Output, exactly and with no pictures, the line that contains "photo de WARIATOR" and every line that comes after it in the data below, the last one included.

* _SUPPLIED INFORMATION_

____________

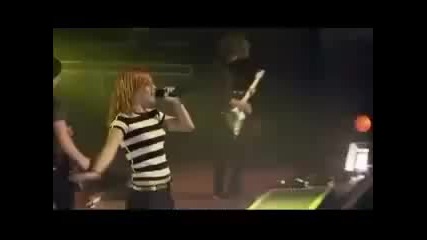 Paramore - Misery Business Live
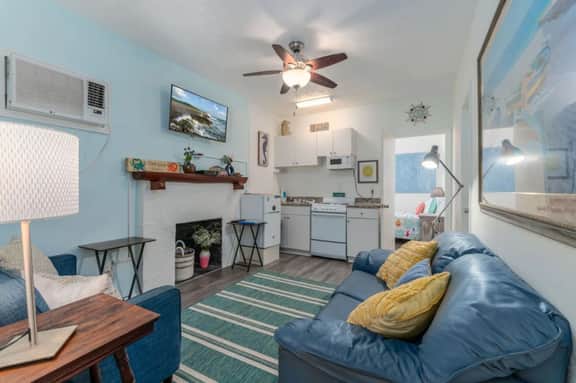 Rock Lobster 1 | Cozy Beach Cottage Steps from Treasure Island Beach & John’s Pass - Image 3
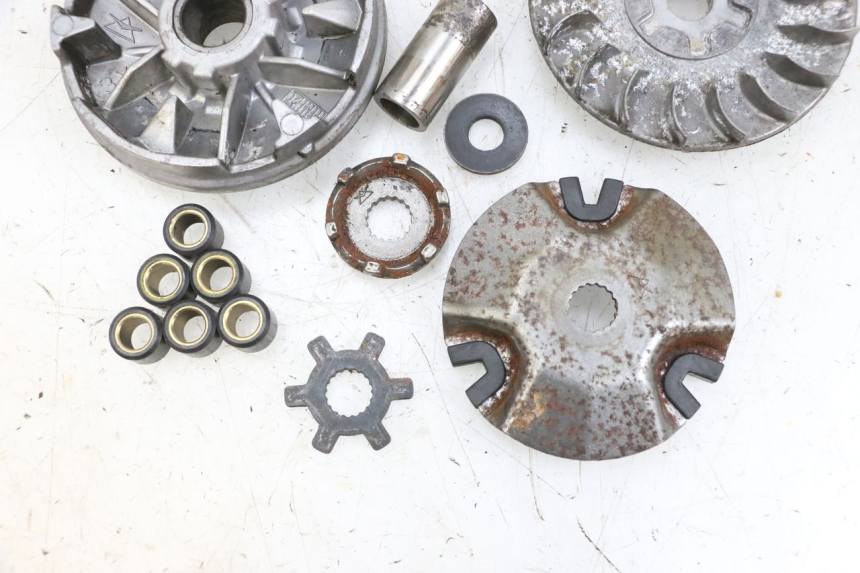 photo de WARIATOR YAMAHA NEO'S NEOS 2T 50 (1998 - 2007) - Zbliżenie komponentów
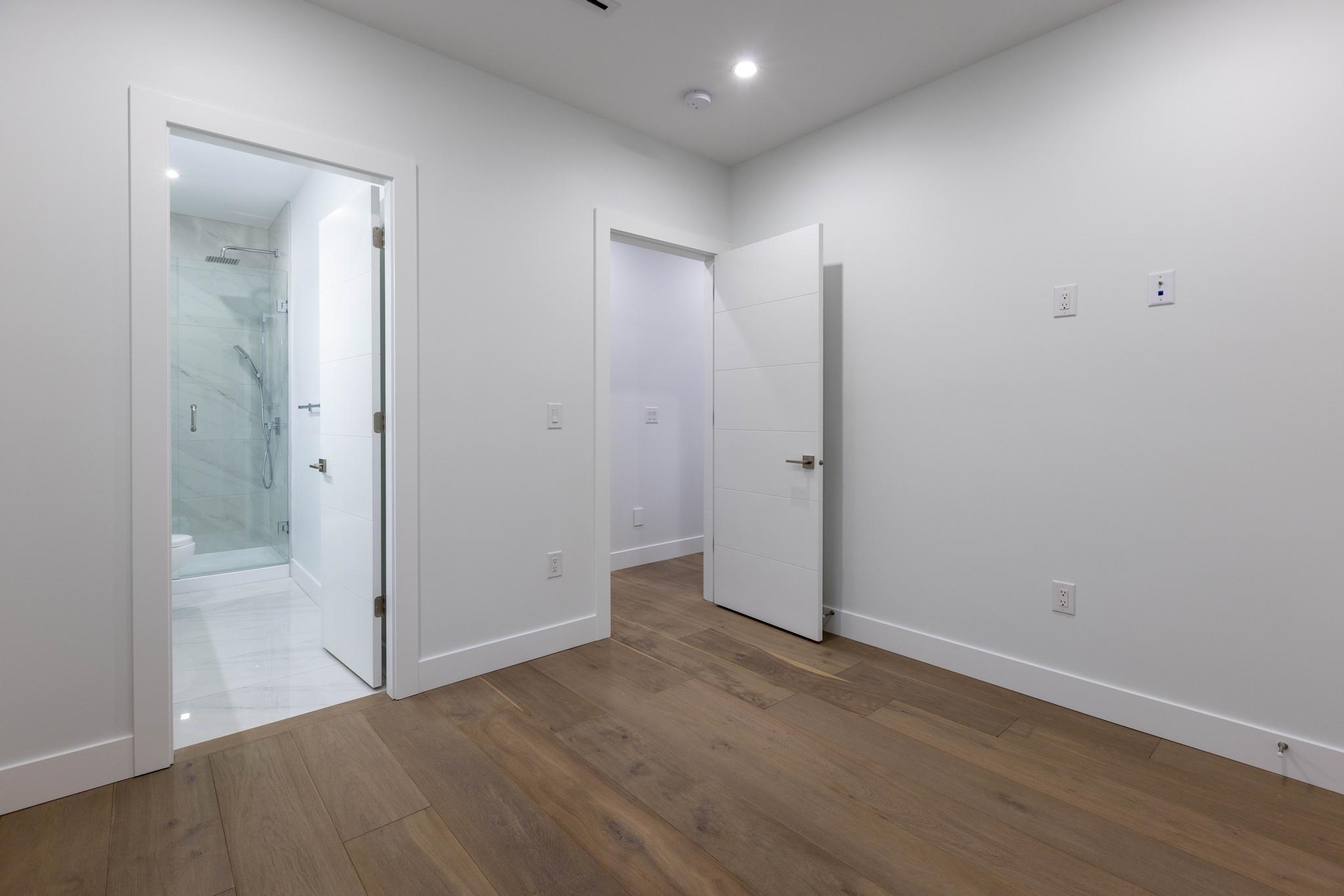 7723 Elford Street, Burnaby 24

____________

* _THE ANSWER_
 photo de WARIATOR YAMAHA NEO'S NEOS 2T 50 (1998 - 2007) - Zbliżenie komponentów
 7723 Elford Street, Burnaby 24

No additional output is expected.